TASK GOAL:
Lines to restate from the data below: from the one containing "Cristiano Ronaldo football render" to the one containing "VINATO hordozható gőzölő", both included. Give them again exactly, and only them.

Dataset excerpts:
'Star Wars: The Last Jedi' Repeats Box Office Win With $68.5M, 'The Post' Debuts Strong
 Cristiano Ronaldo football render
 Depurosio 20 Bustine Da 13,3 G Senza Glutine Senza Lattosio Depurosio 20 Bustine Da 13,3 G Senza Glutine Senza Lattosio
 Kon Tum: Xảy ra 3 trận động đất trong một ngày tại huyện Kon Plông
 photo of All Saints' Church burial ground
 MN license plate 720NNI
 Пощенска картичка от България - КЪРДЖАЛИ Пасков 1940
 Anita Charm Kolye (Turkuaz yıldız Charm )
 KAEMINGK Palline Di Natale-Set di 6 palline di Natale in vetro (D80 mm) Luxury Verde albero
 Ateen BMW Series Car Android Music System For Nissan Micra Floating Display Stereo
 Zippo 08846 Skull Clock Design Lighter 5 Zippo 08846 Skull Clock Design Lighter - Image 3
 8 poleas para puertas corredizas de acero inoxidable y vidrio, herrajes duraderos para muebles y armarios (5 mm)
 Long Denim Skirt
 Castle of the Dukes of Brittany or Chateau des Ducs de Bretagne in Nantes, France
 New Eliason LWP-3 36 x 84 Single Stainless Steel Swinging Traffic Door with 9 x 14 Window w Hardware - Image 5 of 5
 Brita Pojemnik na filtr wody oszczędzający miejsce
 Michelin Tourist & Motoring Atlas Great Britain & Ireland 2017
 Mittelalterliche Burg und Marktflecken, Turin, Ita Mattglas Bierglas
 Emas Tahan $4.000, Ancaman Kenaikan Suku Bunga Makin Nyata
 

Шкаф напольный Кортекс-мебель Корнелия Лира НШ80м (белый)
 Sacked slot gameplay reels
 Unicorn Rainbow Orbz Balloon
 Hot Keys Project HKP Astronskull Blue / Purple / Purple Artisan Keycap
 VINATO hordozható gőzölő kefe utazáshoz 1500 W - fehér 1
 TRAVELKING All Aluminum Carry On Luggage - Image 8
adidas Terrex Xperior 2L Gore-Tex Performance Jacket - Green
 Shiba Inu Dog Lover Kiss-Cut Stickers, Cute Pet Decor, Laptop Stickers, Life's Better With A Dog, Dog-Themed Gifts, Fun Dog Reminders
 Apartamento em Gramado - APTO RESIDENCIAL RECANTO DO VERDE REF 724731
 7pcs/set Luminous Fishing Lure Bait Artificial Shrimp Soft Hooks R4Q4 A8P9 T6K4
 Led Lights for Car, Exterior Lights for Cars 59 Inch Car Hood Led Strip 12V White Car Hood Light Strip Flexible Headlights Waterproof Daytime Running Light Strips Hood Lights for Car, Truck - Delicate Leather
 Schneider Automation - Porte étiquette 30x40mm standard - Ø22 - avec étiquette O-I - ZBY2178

RESPONSE FOR THIS EXERCISE:
 Cristiano Ronaldo football render
 Depurosio 20 Bustine Da 13,3 G Senza Glutine Senza Lattosio Depurosio 20 Bustine Da 13,3 G Senza Glutine Senza Lattosio
 Kon Tum: Xảy ra 3 trận động đất trong một ngày tại huyện Kon Plông
 photo of All Saints' Church burial ground
 MN license plate 720NNI
 Пощенска картичка от България - КЪРДЖАЛИ Пасков 1940
 Anita Charm Kolye (Turkuaz yıldız Charm )
 KAEMINGK Palline Di Natale-Set di 6 palline di Natale in vetro (D80 mm) Luxury Verde albero
 Ateen BMW Series Car Android Music System For Nissan Micra Floating Display Stereo
 Zippo 08846 Skull Clock Design Lighter 5 Zippo 08846 Skull Clock Design Lighter - Image 3
 8 poleas para puertas corredizas de acero inoxidable y vidrio, herrajes duraderos para muebles y armarios (5 mm)
 Long Denim Skirt
 Castle of the Dukes of Brittany or Chateau des Ducs de Bretagne in Nantes, France
 New Eliason LWP-3 36 x 84 Single Stainless Steel Swinging Traffic Door with 9 x 14 Window w Hardware - Image 5 of 5
 Brita Pojemnik na filtr wody oszczędzający miejsce
 Michelin Tourist & Motoring Atlas Great Britain & Ireland 2017
 Mittelalterliche Burg und Marktflecken, Turin, Ita Mattglas Bierglas
 Emas Tahan $4.000, Ancaman Kenaikan Suku Bunga Makin Nyata
 

Шкаф напольный Кортекс-мебель Корнелия Лира НШ80м (белый)
 Sacked slot gameplay reels
 Unicorn Rainbow Orbz Balloon
 Hot Keys Project HKP Astronskull Blue / Purple / Purple Artisan Keycap
 VINATO hordozható gőzölő kefe utazáshoz 1500 W - fehér 1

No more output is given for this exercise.